### WHAT IS BEING ASKED
Beginning with the line that has "Oddział Łódzki PTG" and ending with the line that has "2022 Toyota Prius", retype the entries below exactly, except for the pictures.

### RECORDS SUPPLIED
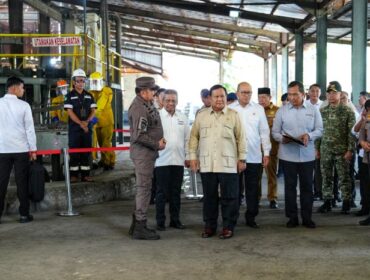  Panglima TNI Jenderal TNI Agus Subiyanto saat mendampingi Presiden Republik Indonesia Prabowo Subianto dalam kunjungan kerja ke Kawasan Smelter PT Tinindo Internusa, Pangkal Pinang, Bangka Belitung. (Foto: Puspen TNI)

...

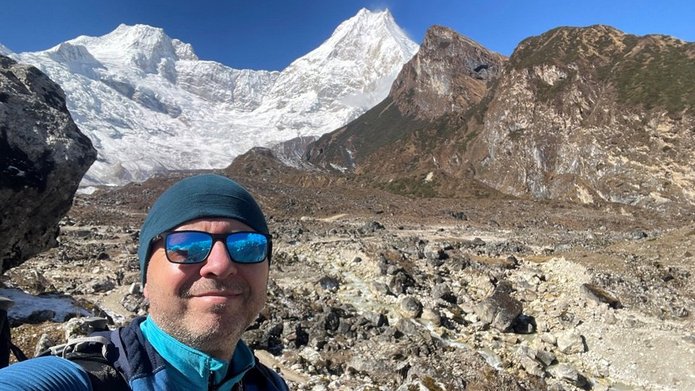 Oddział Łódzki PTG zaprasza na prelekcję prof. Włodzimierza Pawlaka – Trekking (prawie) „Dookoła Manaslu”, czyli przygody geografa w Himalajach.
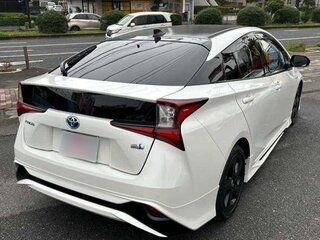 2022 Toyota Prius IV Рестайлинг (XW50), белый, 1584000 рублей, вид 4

### EXERCISE RESULT
 Oddział Łódzki PTG zaprasza na prelekcję prof. Włodzimierza Pawlaka – Trekking (prawie) „Dookoła Manaslu”, czyli przygody geografa w Himalajach.
 2022 Toyota Prius IV Рестайлинг (XW50), белый, 1584000 рублей, вид 4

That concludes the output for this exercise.